They would call him Boy. Deb bin call um Boye.

Boy was born in low country on a one-dirt-road-in, one-dirt-road-out patch of mainland just an eleven-mile jaunt from Savannah, Georgia: Pin Point. Boye bin bohn een de loh kuntri on uh one dutt roh’d een uh one dutt roh’d out patch ob de may’n land jess uh leh’bin my’l fum Suhwannuh, Gorgee: Pin Py’nt.

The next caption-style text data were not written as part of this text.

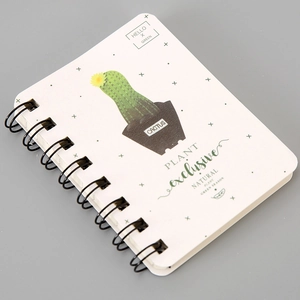 Close-up of A7 spiral notebook featuring green cactus cover design and black wire binding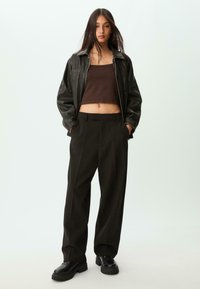 Sort læderjakke, brun crop top og brede sorte bukser. Mørkt fodtøj med tykke såler. Model står mod en lys baggrund.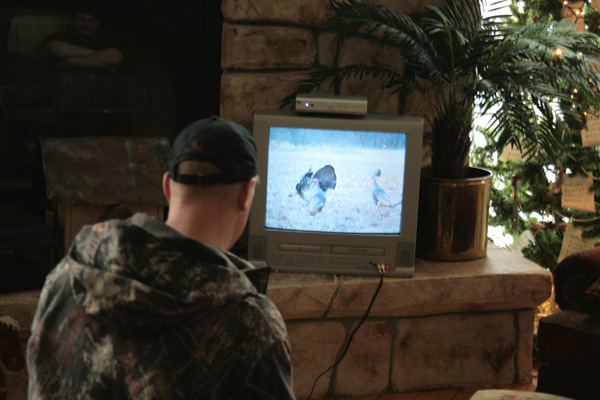 Bow hunter watching video Bow hunter watching video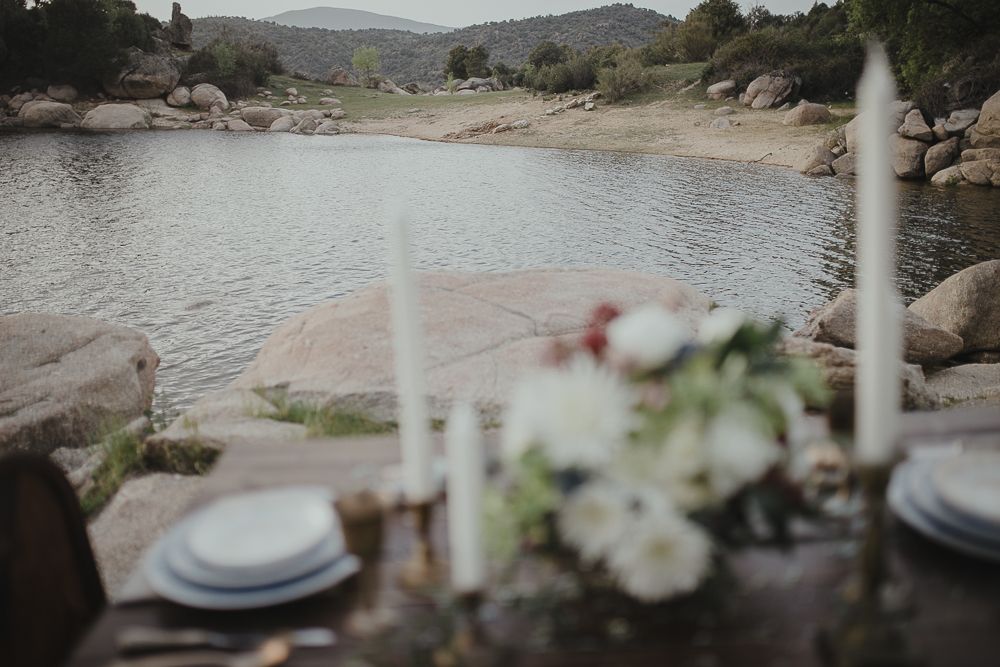 Lakeside dining table with mountain views and white floral decorations.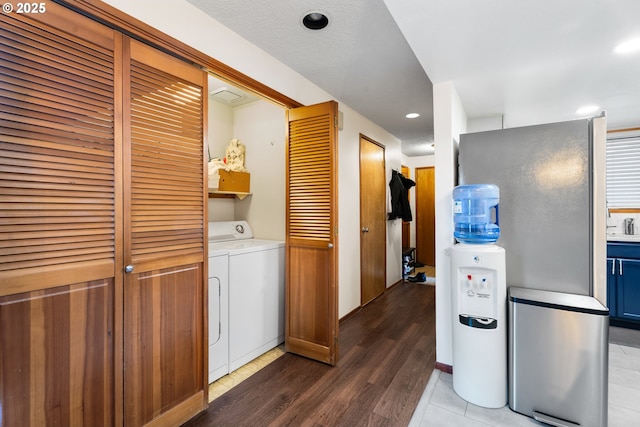 washroom with washing machine and dryer and hardwood / wood-style flooring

Boy born on a humid, big-moon night in a shanty near the salt marsh. ’E bin bohn on uh hot big-moo’n night een uh shant’ ner’ry de salt masch. Born in a home with a single room of electricity, no running water or inside toilet. Dah boy bohn een uh hoow’s wid dis one room uh lec’trik. Boy coaxed from his mother’s womb by a midwife from another part of Chatham County, and per his mother’s mythology, Boy was too stubborn to cry. Boye slip fum ’e mama to uh midwi’f wha’ lib een uh pah’t ob Chat’um Cun’ty, ’n ’codd’n tuh ’e mah, ’e bin too stubb’n fuh mek wah’tuh come fum ’e yeye. Outside the ramshackle abode where […]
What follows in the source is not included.